_Required action_: Copy out the listing in full, exactly as written, but not its pictures.

_Recorded data_:

++++++++

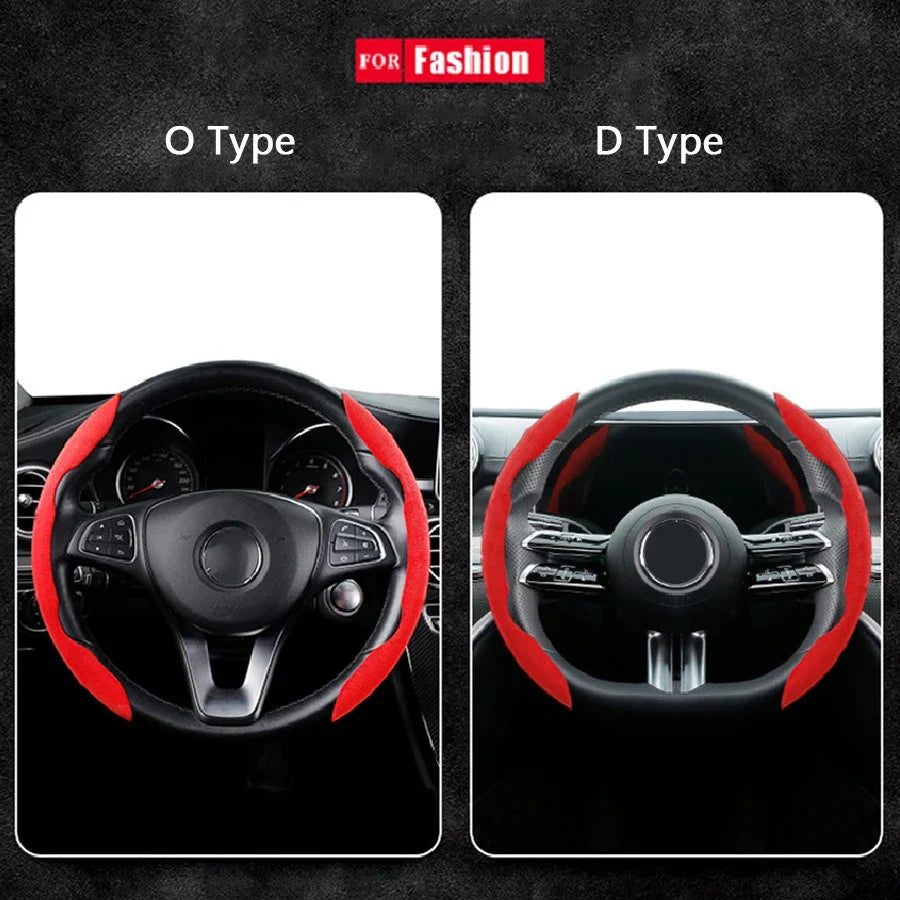 Suede Universal 38CM Car Steering Wheel Booster Cover Non-Slip Auto Interior Steer Protector Decoration Accessories-Brown MyPetiteCar.com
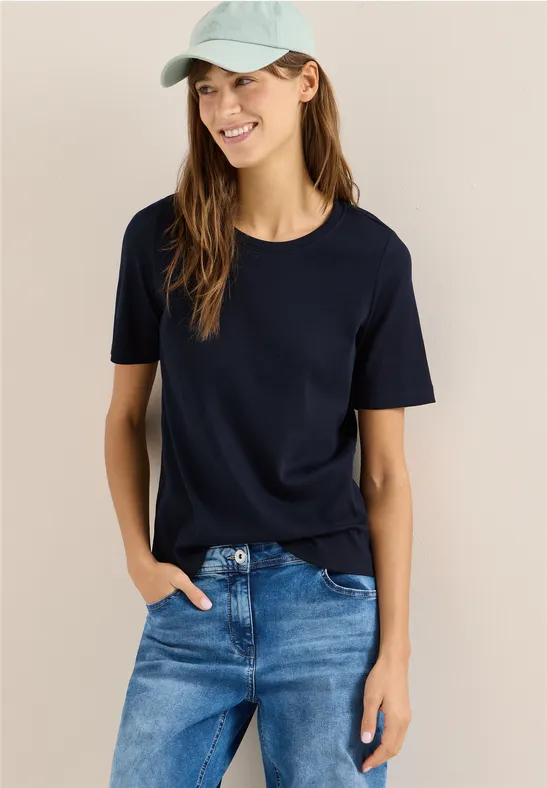 Basic Rippstruktur T-Shirt universal blue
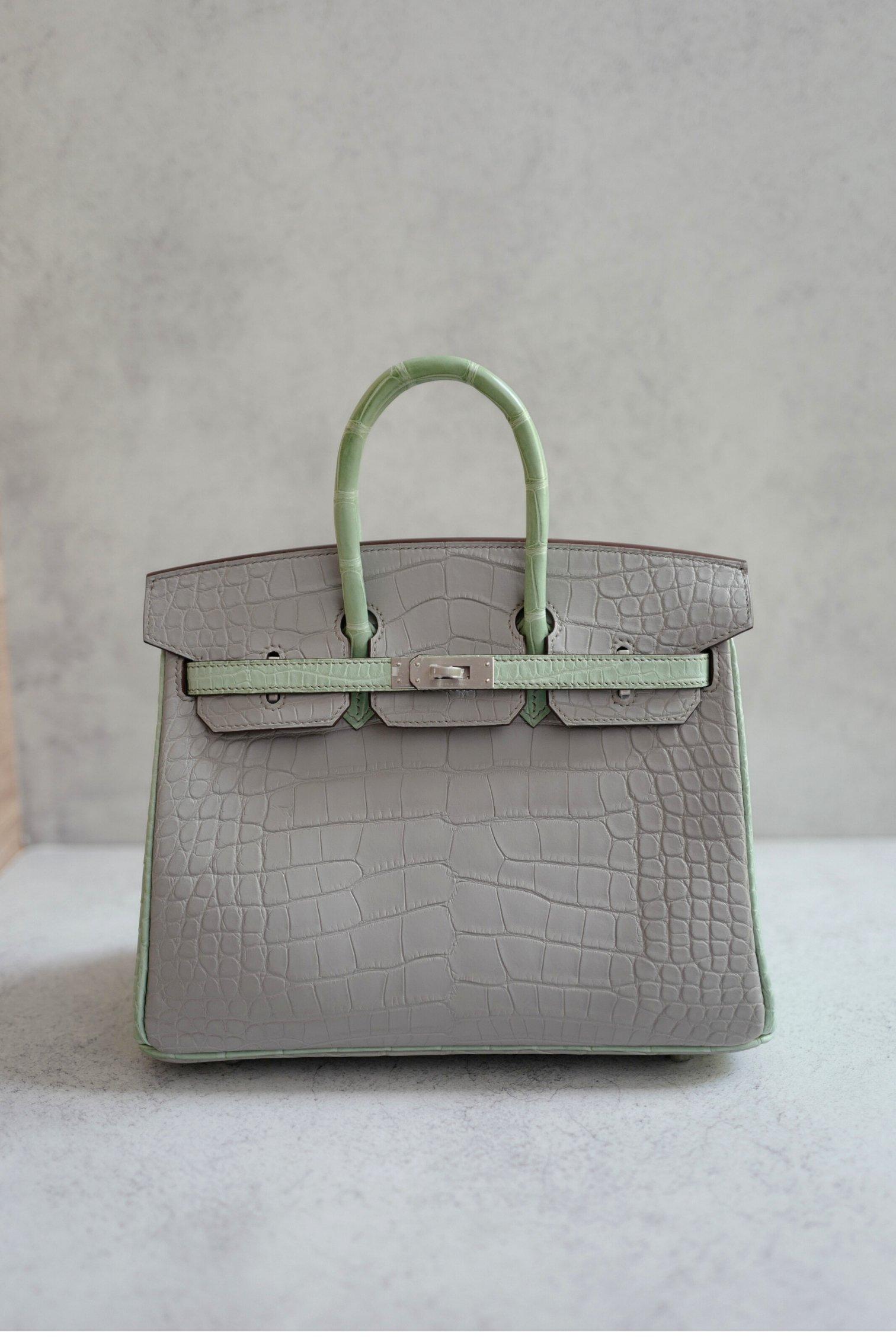 BNIB Hermes Birkin 25 HSS Gris Perle/Vert D’eau Matte Crocodile Brushed Palladiu en venta 1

++++++++

_Exercise result_:
 Suede Universal 38CM Car Steering Wheel Booster Cover Non-Slip Auto Interior Steer Protector Decoration Accessories-Brown MyPetiteCar.com
 Basic Rippstruktur T-Shirt universal blue
 BNIB Hermes Birkin 25 HSS Gris Perle/Vert D’eau Matte Crocodile Brushed Palladiu en venta 1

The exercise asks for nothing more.